The output should match, line for line, the records from the line containing "Flavia de Luce" through the line containing "MELANGE FLYTENDE MARGARIN", with every picture left out.

START EXERCISE MATERIALS

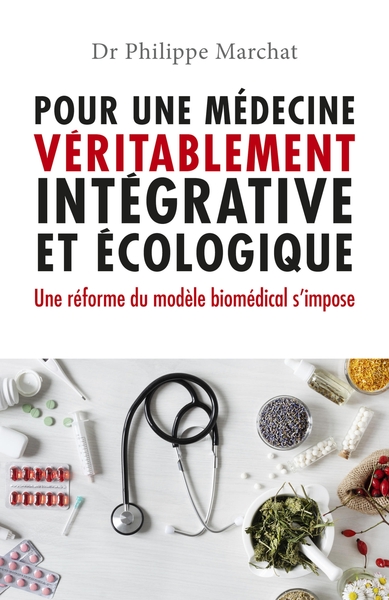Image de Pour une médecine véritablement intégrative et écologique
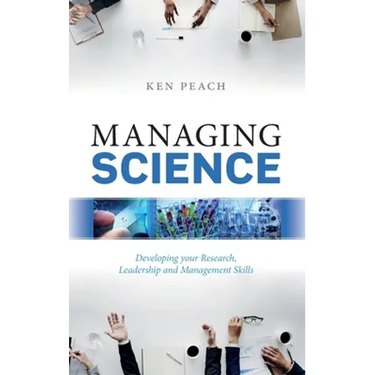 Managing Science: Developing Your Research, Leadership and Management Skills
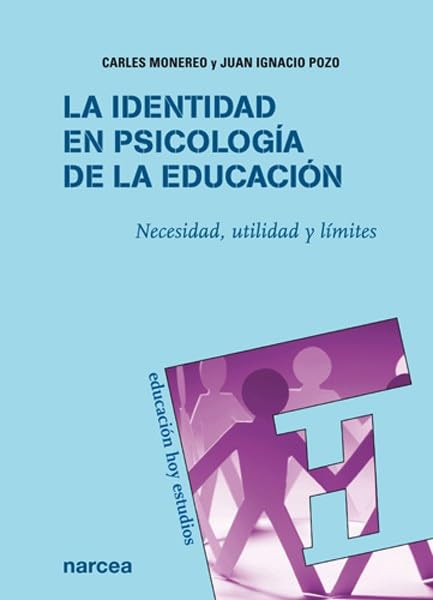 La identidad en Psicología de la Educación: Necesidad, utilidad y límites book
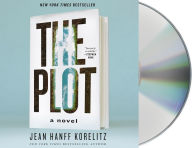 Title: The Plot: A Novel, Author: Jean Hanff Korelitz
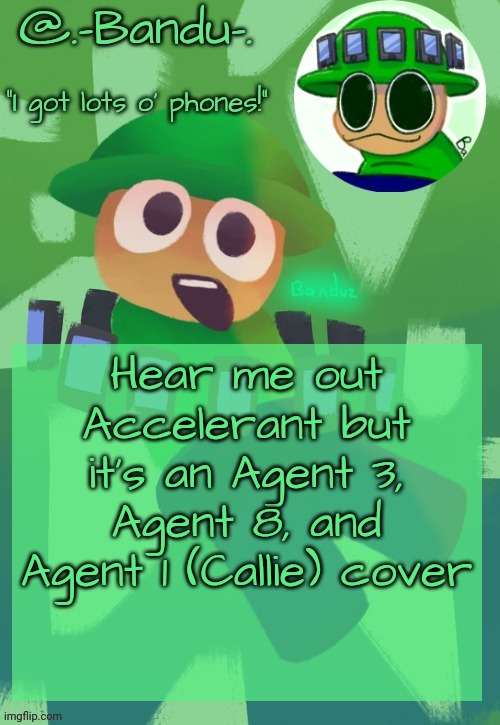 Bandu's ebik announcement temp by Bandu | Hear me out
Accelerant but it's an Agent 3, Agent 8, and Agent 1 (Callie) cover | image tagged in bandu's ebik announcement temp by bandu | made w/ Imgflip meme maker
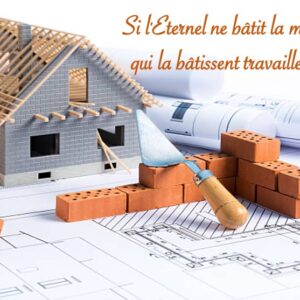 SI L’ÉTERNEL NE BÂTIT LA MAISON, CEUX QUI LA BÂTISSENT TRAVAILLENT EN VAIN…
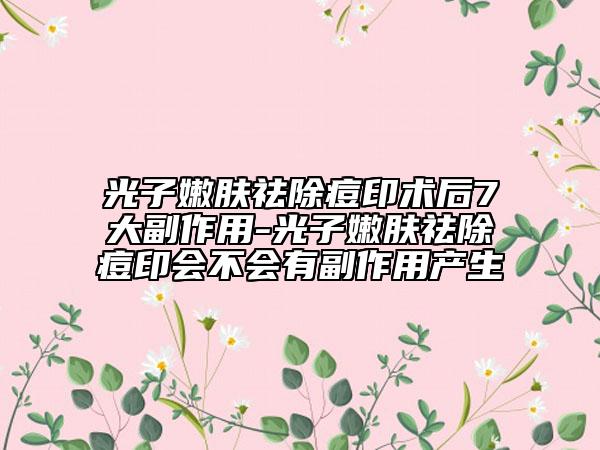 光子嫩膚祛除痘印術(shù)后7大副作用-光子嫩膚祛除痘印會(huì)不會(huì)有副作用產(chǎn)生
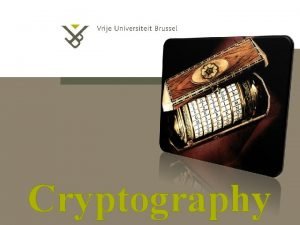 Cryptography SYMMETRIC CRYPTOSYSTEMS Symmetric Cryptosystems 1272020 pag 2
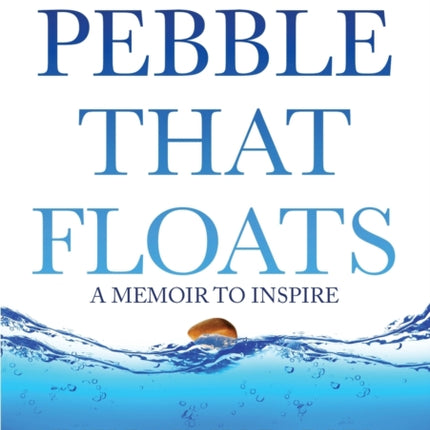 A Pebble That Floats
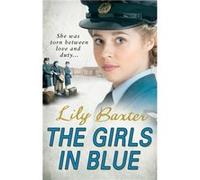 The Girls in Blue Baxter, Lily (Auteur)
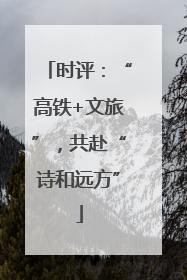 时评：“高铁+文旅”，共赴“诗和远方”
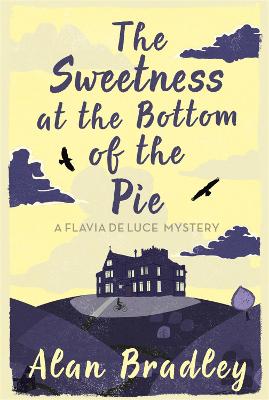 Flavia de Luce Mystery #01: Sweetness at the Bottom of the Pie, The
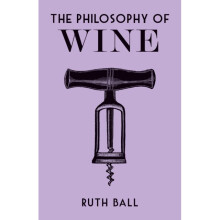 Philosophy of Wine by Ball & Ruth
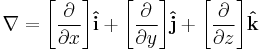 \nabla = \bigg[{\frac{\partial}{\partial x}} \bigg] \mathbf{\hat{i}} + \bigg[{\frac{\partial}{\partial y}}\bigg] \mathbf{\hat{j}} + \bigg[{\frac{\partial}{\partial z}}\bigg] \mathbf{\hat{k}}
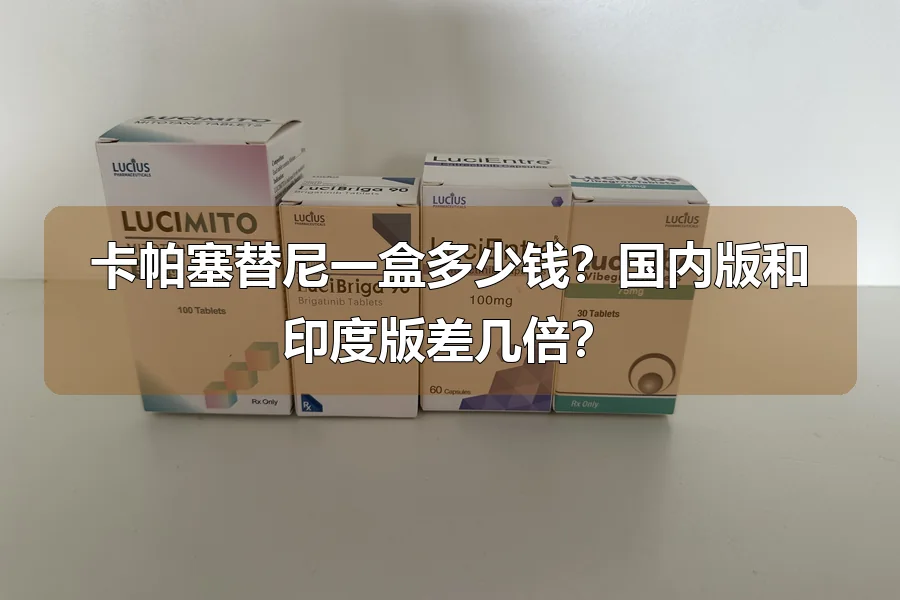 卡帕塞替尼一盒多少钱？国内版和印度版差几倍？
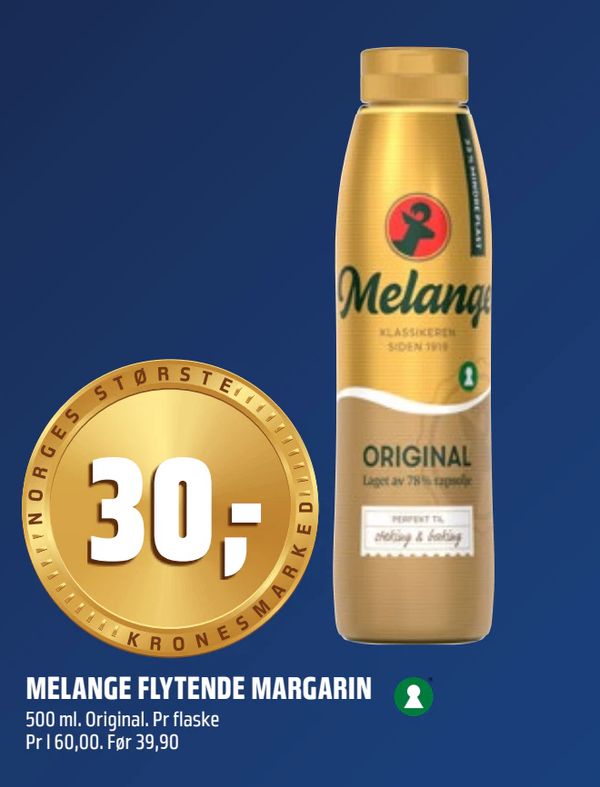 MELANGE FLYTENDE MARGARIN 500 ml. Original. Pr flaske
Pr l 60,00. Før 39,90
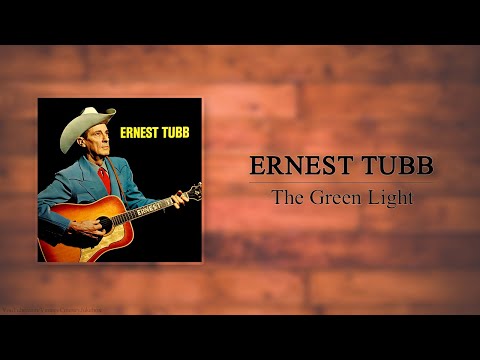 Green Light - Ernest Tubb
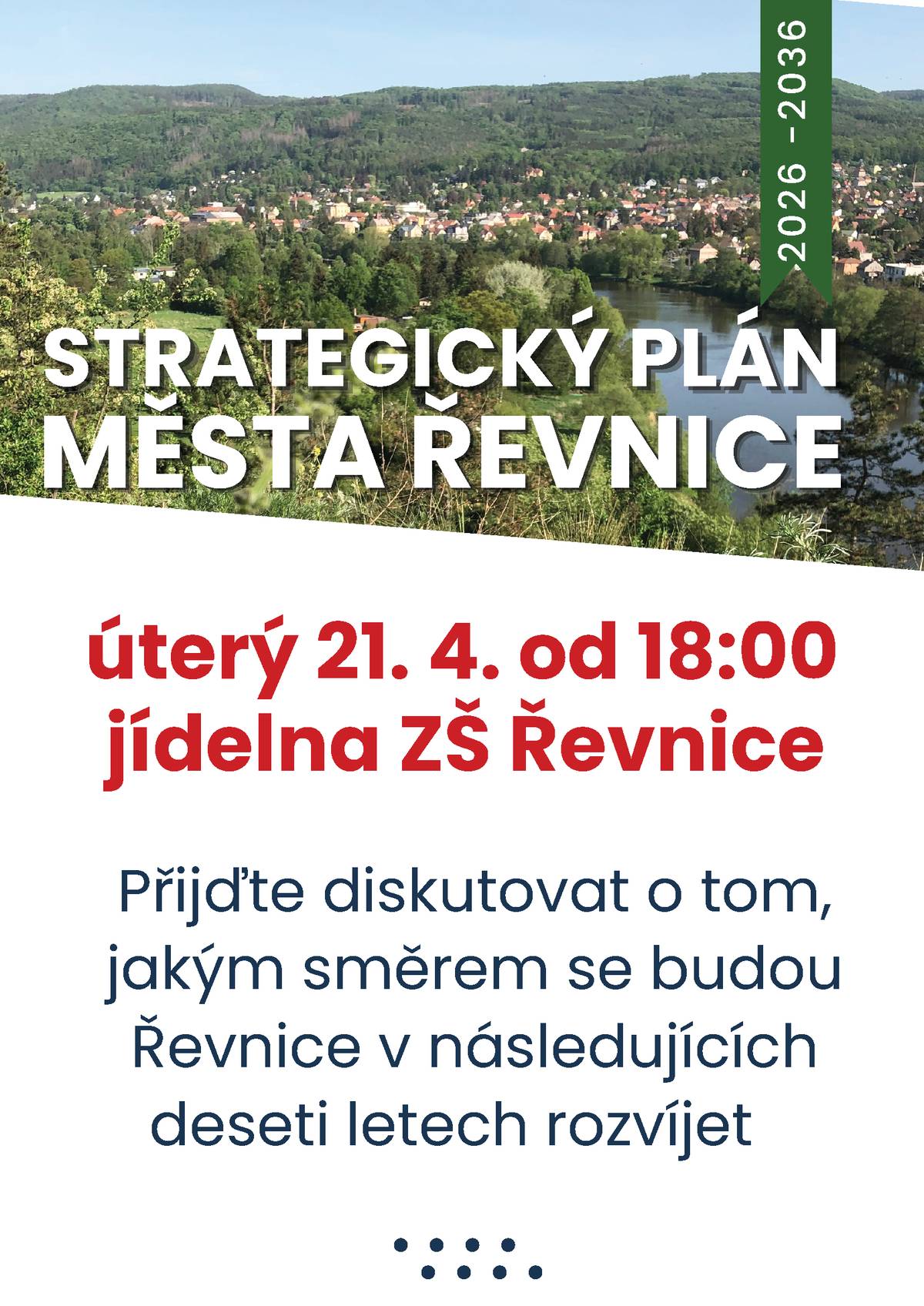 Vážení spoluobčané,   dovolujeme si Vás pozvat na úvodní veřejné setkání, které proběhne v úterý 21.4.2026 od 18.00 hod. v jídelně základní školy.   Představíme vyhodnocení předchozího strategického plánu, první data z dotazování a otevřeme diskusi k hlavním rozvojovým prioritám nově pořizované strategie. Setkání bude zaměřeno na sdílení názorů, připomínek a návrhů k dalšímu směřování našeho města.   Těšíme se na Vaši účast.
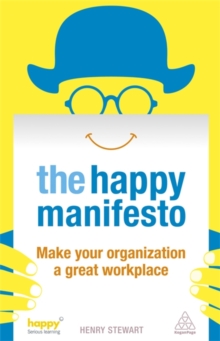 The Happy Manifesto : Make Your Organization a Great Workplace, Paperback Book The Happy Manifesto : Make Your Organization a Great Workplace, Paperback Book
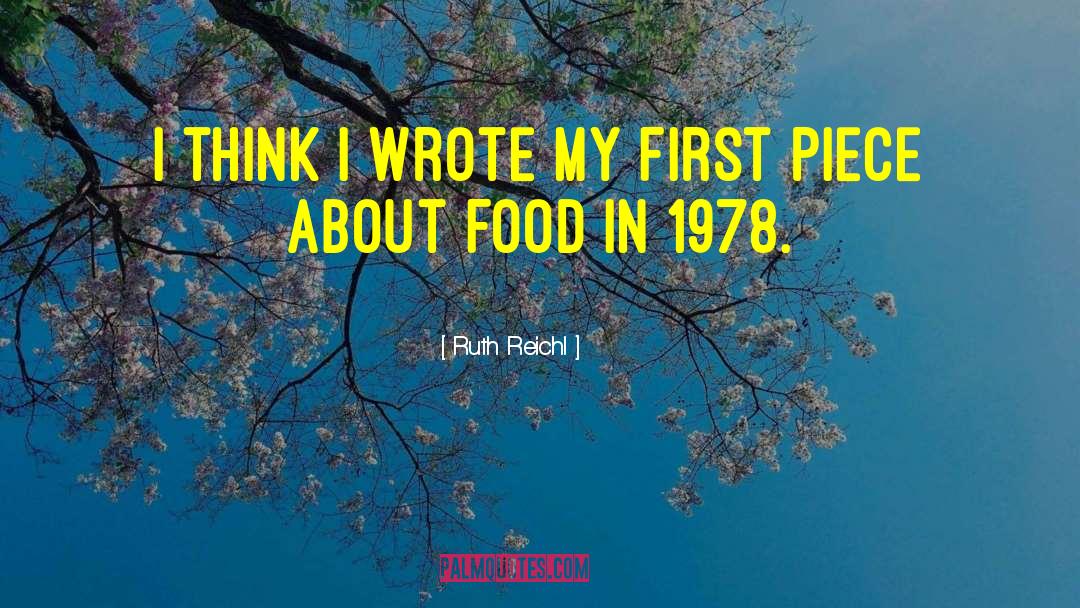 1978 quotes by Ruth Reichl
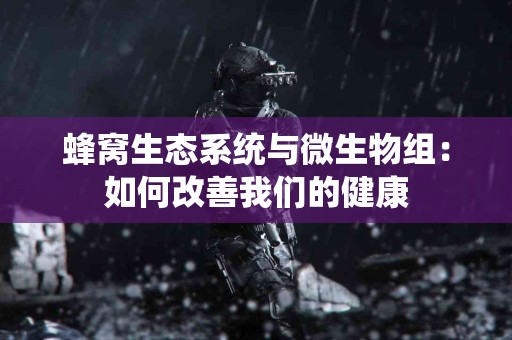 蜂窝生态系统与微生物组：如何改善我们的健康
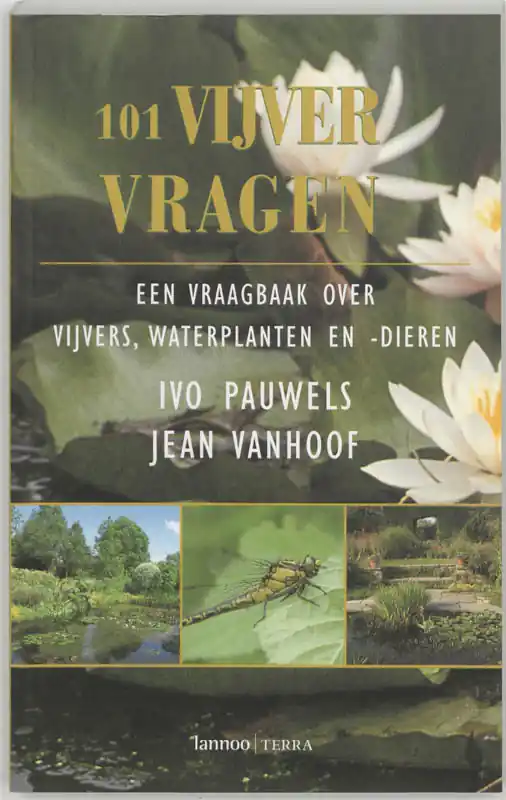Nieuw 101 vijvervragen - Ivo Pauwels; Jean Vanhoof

END EXERCISE MATERIALS

■ ANSWER SPACE
 Flavia de Luce Mystery #01: Sweetness at the Bottom of the Pie, The
 Philosophy of Wine by Ball & Ruth
 \nabla = \bigg[{\frac{\partial}{\partial x}} \bigg] \mathbf{\hat{i}} + \bigg[{\frac{\partial}{\partial y}}\bigg] \mathbf{\hat{j}} + \bigg[{\frac{\partial}{\partial z}}\bigg] \mathbf{\hat{k}}
 卡帕塞替尼一盒多少钱？国内版和印度版差几倍？
 MELANGE FLYTENDE MARGARIN 500 ml. Original. Pr flaske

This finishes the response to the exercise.